Question

Two palm trees grow next to each other in Luke's backyard. One of the trees gets sick, so Luke cuts off the top 3 feet. The other tree, however, is healthy and grows 2 feet. How tall are the two trees if the healthy tree is now 4 feet taller than the sick tree, and together they are 28 feet tall?

• A. 8 and 20 feet
• B. 11 and 17 feet
• C. 12 and 16 feet
• D. cannot be determined
• E. 14 and 14 feet

Hint:

Read word problems carefully to distinguish between past information and information describing the current situation. Here, the equations should only model the "now" state of the trees. The past changes explain how they got to this state but are not directly used in the final system of equations.

Answer 1

The Correct Option is C

Step 1: Understanding the Concept:
This word problem describes the current state of two trees and can be solved by setting up a system of linear equations based on the information provided. The information about the past changes (cutting and growing) is background context but not needed for the equations about the current heights.
Step 2: Key Formula or Approach:
Let \(h\) be the current height of the healthy tree and \(s\) be the current height of the sick tree.
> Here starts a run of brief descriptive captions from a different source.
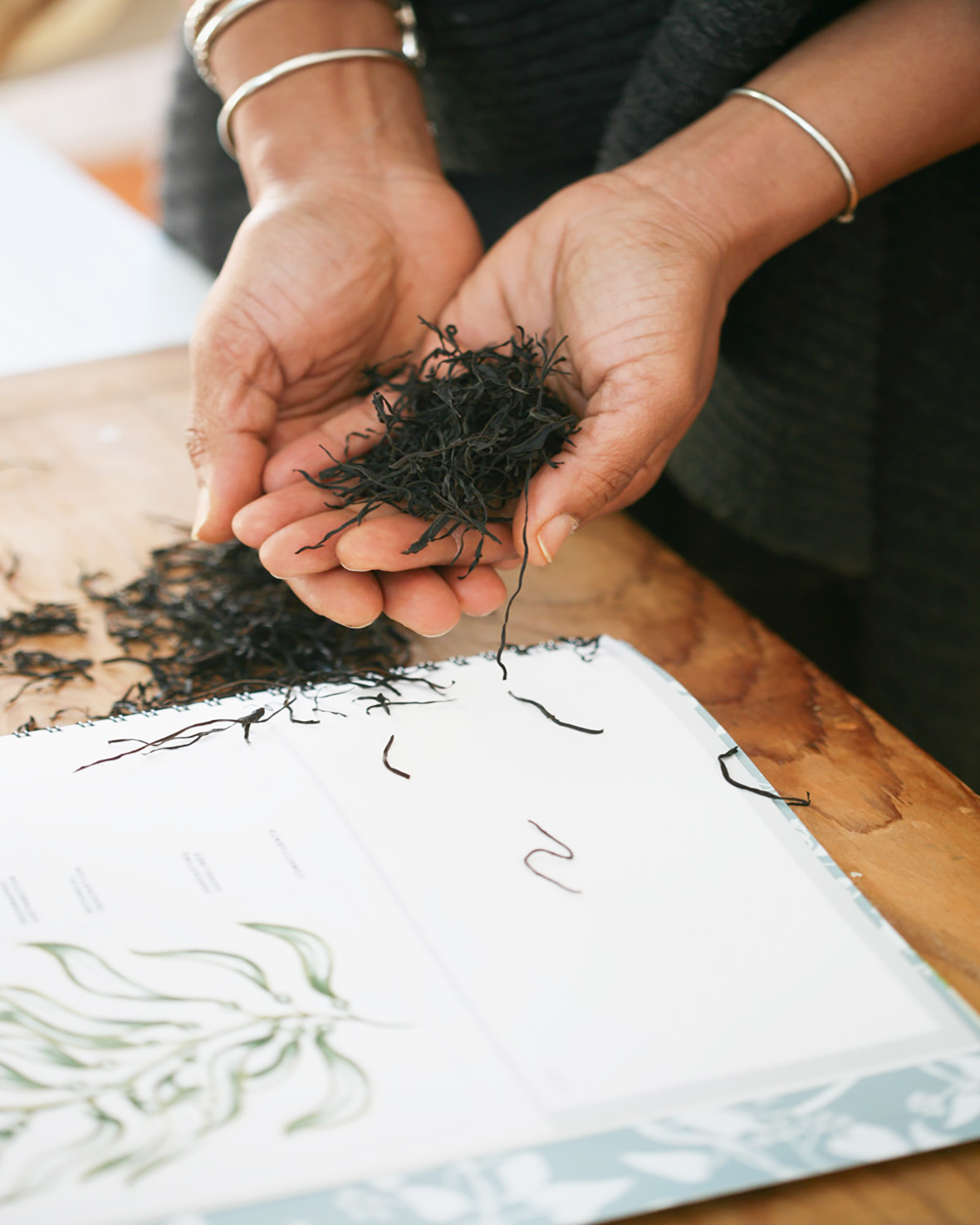 Seaweed 101: What You Need To Know | Herbal Academy | Seaweed can be a nutritive, wellness-promoting, and tasty addition to your herbal formulas, diet, and self-care routine! Read on to learn more!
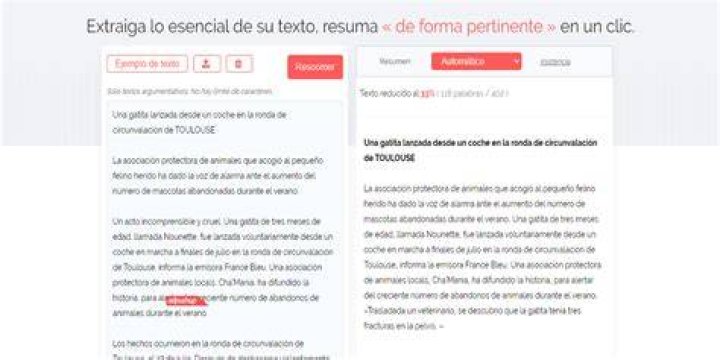 Pagina Para Resumir Textos - How To Discuss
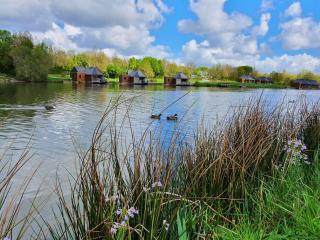 Chalet le Vairon (PMR) - Villiers-Charlemagne - 2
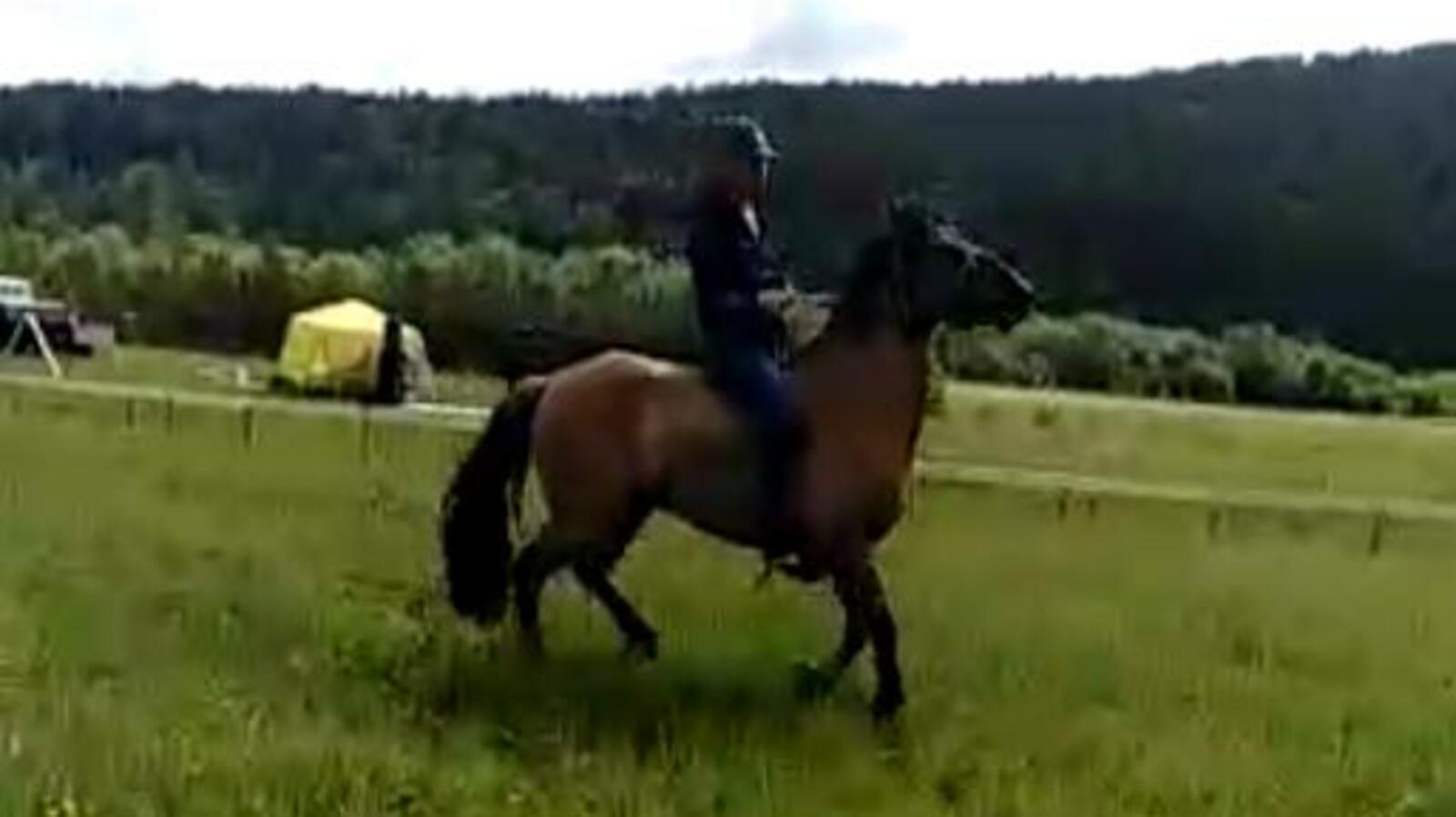 скриншот с видео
Translate the sentences about the *current* state into equations: 1. "the healthy tree is now 4 feet taller than the sick tree": \( h = s + 4 \) 2. "together they are 28 feet tall": \( h + s = 28 \) We need to solve this system for \(h\) and \(s\).
Step 3: Detailed Explanation:
We have the system: \[ h = s + 4 \] \[ h + s = 28 \] We can use the substitution method. Substitute the first equation into the second equation: \[ (s + 4) + s = 28 \] Combine the s-terms: \[ 2s + 4 = 28 \] Subtract 4 from both sides: \[ 2s = 24 \] Solve for s: \[ s = 12 \] So, the current height of the sick tree is 12 feet.
Now find the current height of the healthy tree using the first equation: \[ h = s + 4 = 12 + 4 = 16 \] The current height of the healthy tree is 16 feet.
Step 4: Final Answer:
The heights of the two trees are 12 and 16 feet.